Elasticsearch How to Use Runtime Fields in Elasticsearch

Average Read Time

5 Mins

Elasticsearch How to Use Runtime Fields in Elasticsearch

Opster Expert Team - Gustavo

Sep-2021

Average Read Time

5 Mins

Opster Team

October 2021

Average Read Time

5 Mins


In addition to reading this guide, we recommend you run the Elasticsearch Health Check-Up. It will detect issues and improve your Elasticsearch performance by analyzing your shard sizes, threadpools, memory, snapshots, disk watermarks and more.

The Elasticsearch Check-Up is free and requires no installation.

To evaluate your use of runtime fields in Elasticsearch, we recommend you run the Elasticsearch Configuration Check-Up. The Check-Up will also help you optimize other important settings and processes in Elasticsearch to improve performance and ensure high availability for your crucial data.

Overview

Elasticsearch 7.12 released a new feature called runtime fields. A runtime field is a field evaluated at query time instead of indexing time, which allows us to modify our schema at the query stage. Below we’ll review query and index phases, and how, when and why you should (or shouldn’t) use runtime fields.

Index time vs query time

When we talk about index time we refer to the actions before running our queries, for example ingesting documents or setting up mappings. Query time is, understandably, when we run the queries themselves. 

Index time is affected by the size of data to be indexed (the more fields we index, the bigger the document size), as well as CPU usage (the higher the CPU usage at that time, the slower the indexing will be). We can cut down indexing time by using runtime fields to conserve CPU usage, however this would result in slower query times as the retrieval of the data would require additional processing.   

When should we calculate fields?

The rule of thumb is to “do as much processing as possible on index time” or index the calculations as computed fields. This way we reduce the load at query time, resulting in potentially faster queries.

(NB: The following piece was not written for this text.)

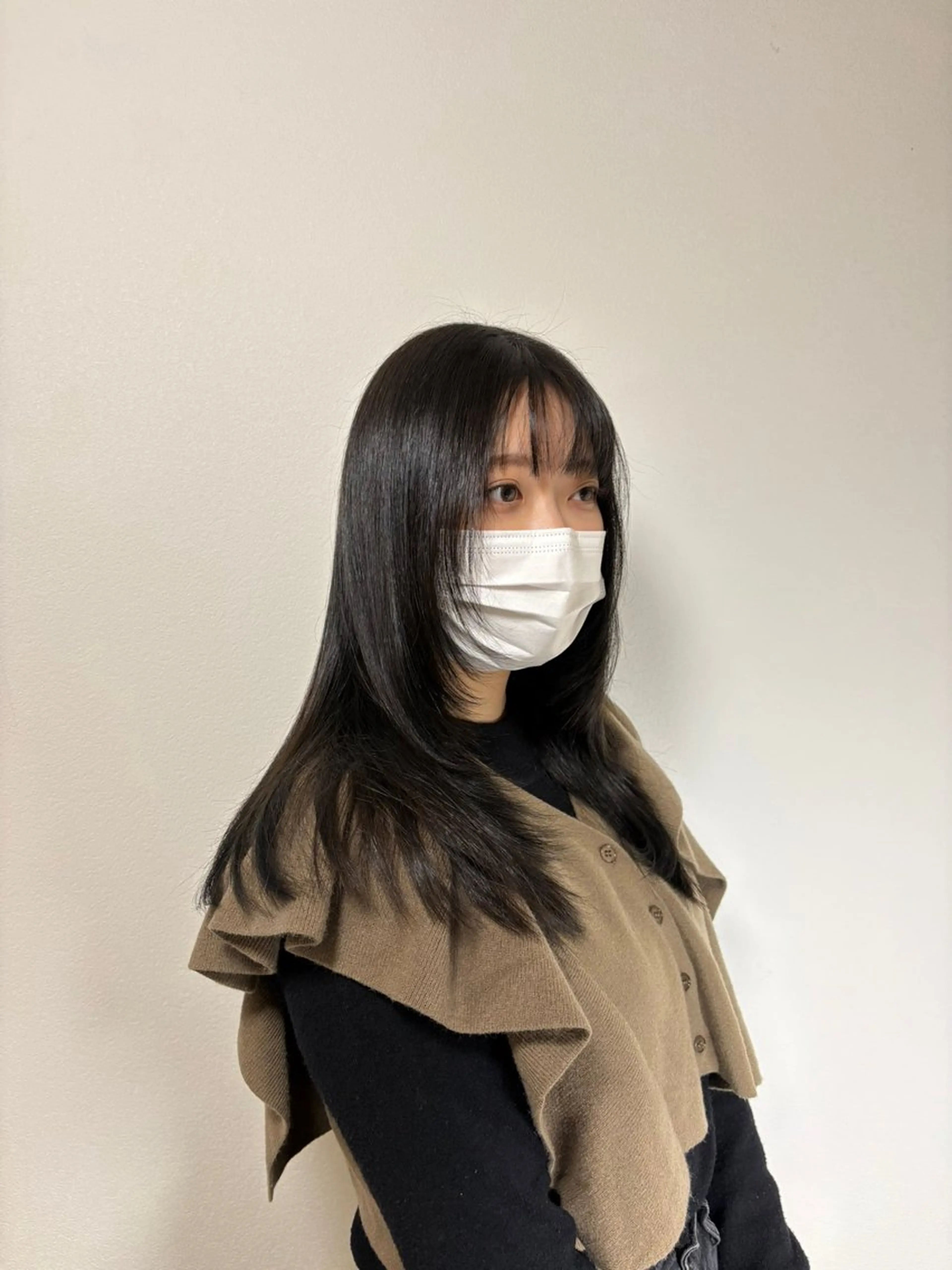 ロング カラー ブリーチ 透明感カラー ダブルカラー イヤリングカラー インナーカラー カット ヘアカラー ヘッドスパ 【SASE】大人上品 💍/ユウガ⭐️のヘアスタイル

Let’s illustrate this with an example.

A runner joined a competition consisting of 3 races and was stored as follows (note we used objects to store the participations):

{
 "participant": "Fast Runner",
 "participations": {
   "race1": {
     "place": 2,
     "time_secs": 55.2
   },
   "race2": {
     "place": 4,
     "time_secs": 49.22
   },
   "race3": {
     "place": 1,
     "time_secs": 54.25
   }
 }
}

We want to be able to search through runners and show individual race times but also an average of race times. The question is: Do we generate this piece of data at query time, or index time? 

The rule of thumb says at index time. Just calculate the average before indexing the document, and store this number under a new field. There are many ways to achieve this, such as by using an ingest pipeline. We can also obtain an average at query time. This means calculating the average of the races on the fly on each query.

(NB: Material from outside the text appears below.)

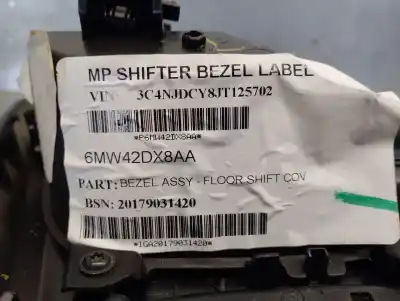 Pezzo di ricambio per auto di seconda mano console centrale per jeep compass (mp, m6, mv, m7) 2.0 crd 4x4 riferimenti oem iam 6mw42dx8aa  6mw42dx8aa
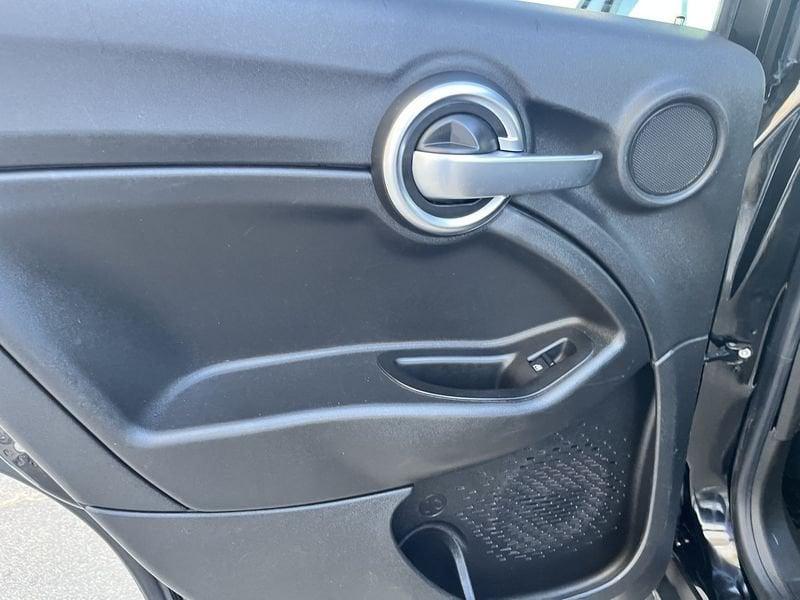 FIAT 500X 1.3 MultiJet 95 CV -TOTAL BLACK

There are certain situations in which you would want to calculate fields at query time, such as if: 

  • You don’t have access to the ingestion process.
  • You want to test the field before ingesting it.
  • You are not sure the mapping is finalized yet.
  • You want to see the data without having to re-ingest it.
  • You need to see quickly whether transformation is worth it or not.
  • The disk space is a priority.

Script fields

Before runtime fields, the way to go was to use script fields. Script fields are generated using painless scripts to process data between fields of a document. 

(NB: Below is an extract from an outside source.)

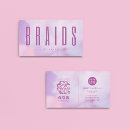 Recherche de brasseur cartes visite Brasseur de cheveux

Let’s put our data in Kibana Dev Tools.

First create the index:

PUT runtime_test

Now index some documents:

PUT runtime_test/_doc/1
{
  "participant": "Fast Runner",
  "participations": {
    "race1": {
      "place": 2,
      "time_secs": 55.2
    },
    "race2": {
      "place": 4,
      "time_secs": 49.22
    },
    "race3": {
      "place": 1,
      "time_secs": 54.25
    }
  }
}
PUT runtime_test/_doc/2
{
  "participant": "Slow Runner",
  "participations": {
    "race1": {
      "place": 10,
      "time_secs": 115.50
    },
    "race2": {
      "place": 8,
      "time_secs": 99.54
    },
    "race3": {
      "place": 10,
      "time_secs": 100.11
    }
  }
}

This is how we generate our average field with script_fields at the same time we query for all documents:

GET runtime_test/_search
{
  "query": {
    "match_all": {}
  },
  "script_fields": {
    "avg": {
      "script": {
        "source": "(doc['participations.race1.time_secs'].value + doc['participations.race2.time_secs'].value + doc['participations.race3.time_secs'].value)/3;"
      }
    }
  }
}

There are many operations we can do using painless, but remember that it can affect our query performance.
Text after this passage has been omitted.